VIENNA (AFP).- A statue of an anti-Semitic former mayor of Vienna who inspired Hitler has become the focus of competing left- and right-wing protests, with anti-racist activists mounting a "shame vigil" around the monument.

The likeness of Karl Lueger, on a prime spot on Vienna's imposing Ringstrasse boulevard, has been defaced several times in recent months with graffiti reading "Schande" ("Shame").

Galvanised by protests around historical monuments elsewhere in the world and the Black Lives Matter movement, an artists' collective took matters a step further and fixed two sets of concrete, gold-painted letters spelling "Schande" to the statue's plinth on Sunday night.

The collective then set up a "shame vigil" at the site to prevent the city from removing the words.

Jewish and Muslim youth organisations, feminists and left-wing groups are also taking turns manning the vigil.

However, a group of men described by Austrian media as far-right activists removed the gold letters with a hammer and chisel on Monday.

The police then cordoned off the statue.

As a group of secondary school students passes by the statue in warm autumnal sunshine, their teacher explaining the controversy around the monument, Simon Nagy, one of the artists who started the vigil, tells AFP that Lueger "belongs on the manure heap of history" and that the statue should be in a museum.

But the city authorities are planning to clean the graffiti by Friday, an announcement that has galvanised the 25-year-old and his group.

Nagy says the artists want the graffiti to remain and are demanding that the city comes up with a plan to redesign the monument, but he is disappointed at the lack of action.

'Aggressive' anti-Semitism
Karl Lueger was mayor from 1897 until his death in 1910 and oversaw a period of transformation in which Vienna's population boomed to more than two million and much of its modern infrastructure was built.

He built up a cult of personality that lived on after his death, with the statue unveiled in 1926.

But his notoriety stems from his ascent to power.

In his rhetoric he railed against what he called Jewish influence over the press and sources of capital and called for the "liberation of the Christian people from Jewish dominance".

This "particularly aggressive anti-Semitism" was central to his election as mayor, according to historian Florian Wenninger.

"He built his political career on the hatred of a minority," according to Wenninger, even if he opportunistically tried to move away from this once in office.

Hitler used Lueger as an early role model and cited him approvingly in "Mein Kampf".

After much controversy, a portion of the Ringstrasse -- a circular boulevard in the city -- previously named after Lueger was renamed in 2012.

Having served on a commission set up by the city authorities to look into potentially problematic street names, Wenninger is well aware of the sensitivities around historical monuments.

"Something which in and of itself doesn't have any real-life relevance for people becomes a part of their identity when it's attacked," he explains.

"Then there is a reflex where people say: 'Stop!

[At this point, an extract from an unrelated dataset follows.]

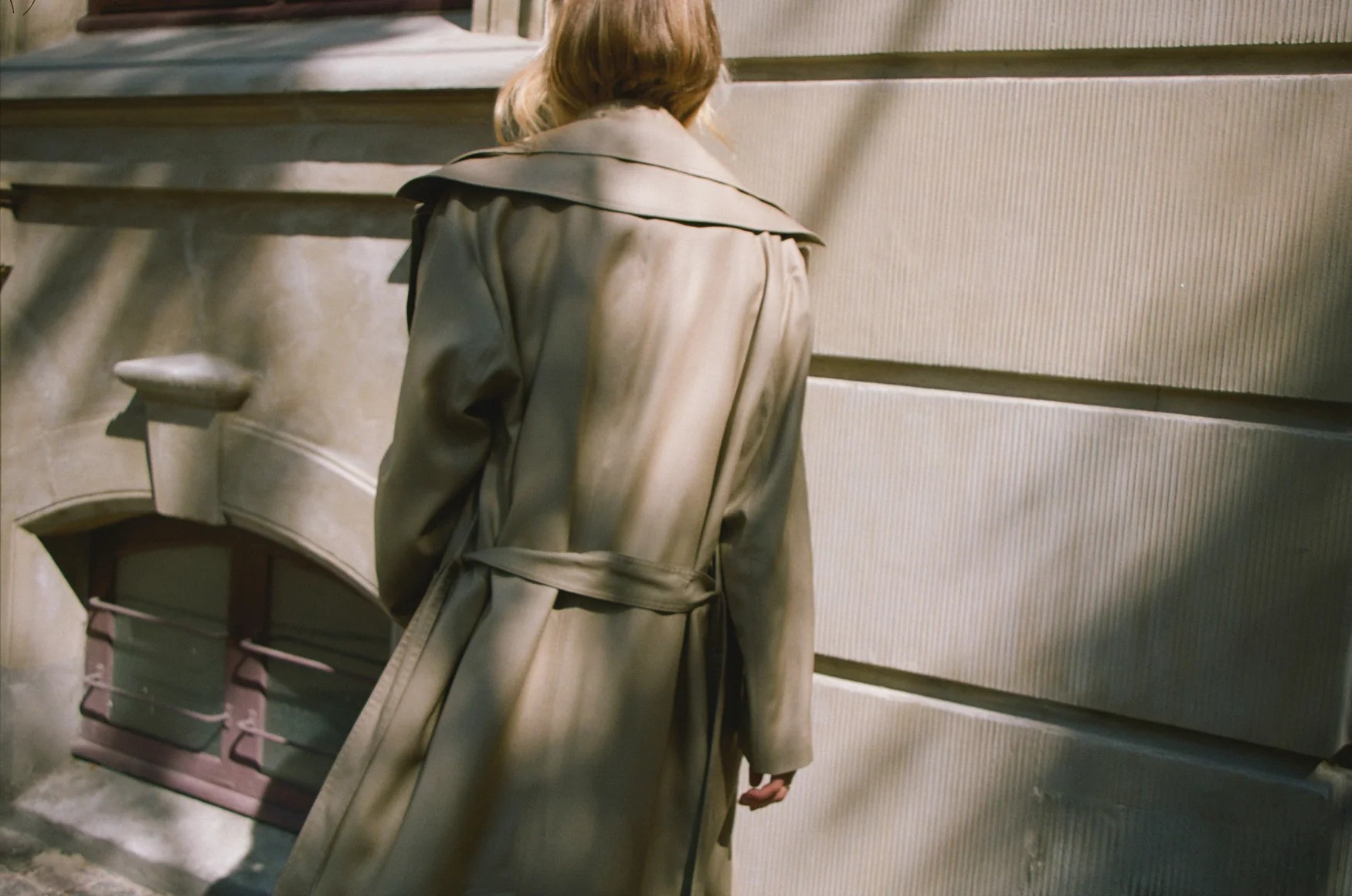 Postavite to znamko na radar: Róhe je nizozemska modna hiša, ki uteleša slog Carolyn Bessette-Kennedy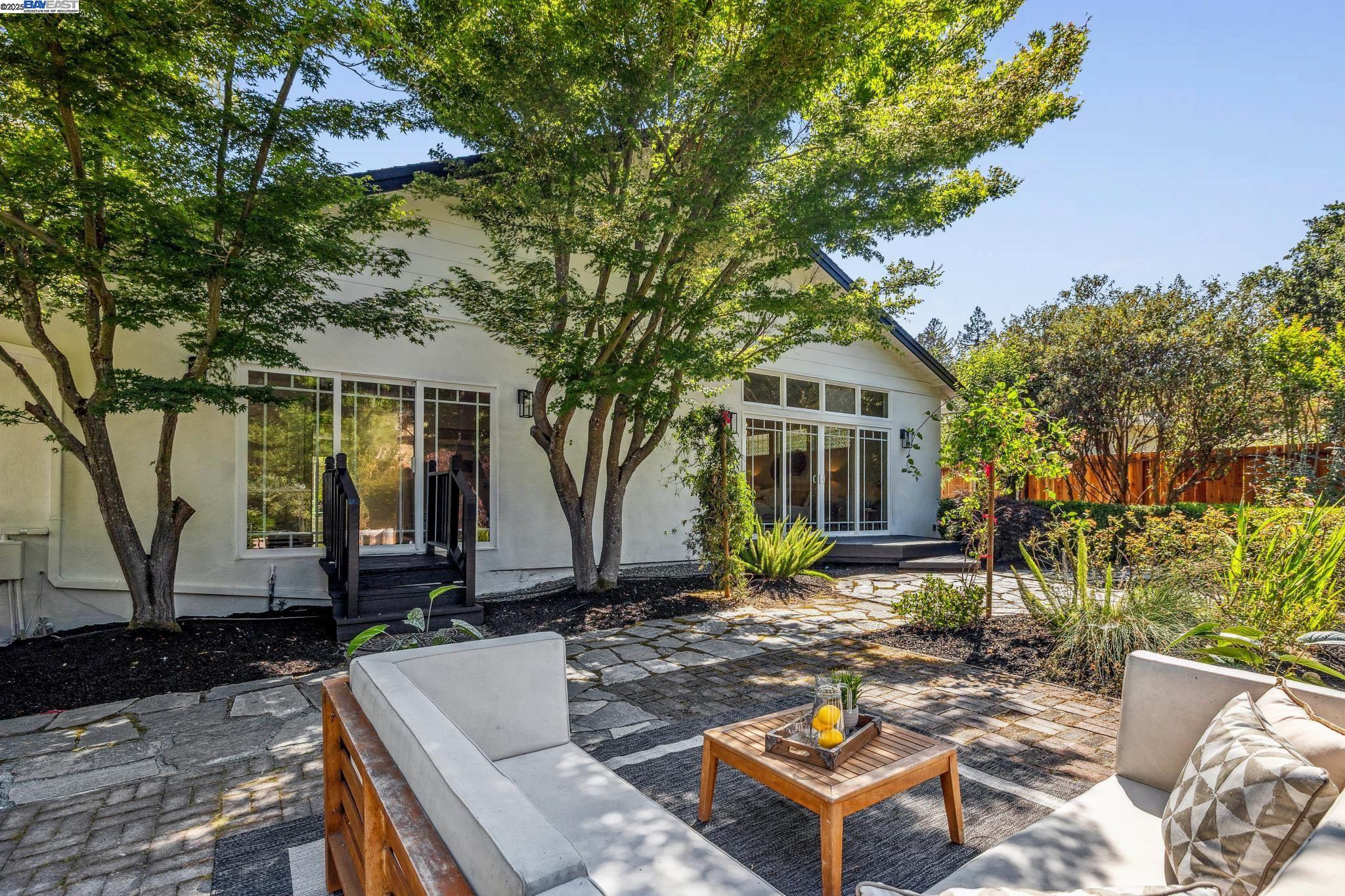 Detail Gallery Image 49 of 50 For 3296 Walnut Ln, Lafayette,  CA 94549 - 4 Beds | 3 Baths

This is crazy!'"

Wenninger says Austria's tradition of consensual politics, even at a local level, has meant debates over controversial issues have often been avoided.

Long cast in the role of a victim of Nazi Germany, it is only in recent decades that Austria has begun to seriously examine its role in the Holocaust.

The discussion of Lueger's place in history is part of this process of revision and comes ahead of city council elections on Sunday.

But the signs are that most of today's politicians are seeking to steer clear of the controversy.

The Social Democrats, who are on course to remain in power at Vienna's City Hall, said the monument had "already been appropriately contextualised", referring to a small explanatory tablet erected near the rear of the statue in 2016.

As for the centre-right People's Party, in power at a national level, they say they reject Lueger's anti-Semitism but at the same time recall that he was "one of Vienna's most influential mayors and an important moderniser of the city".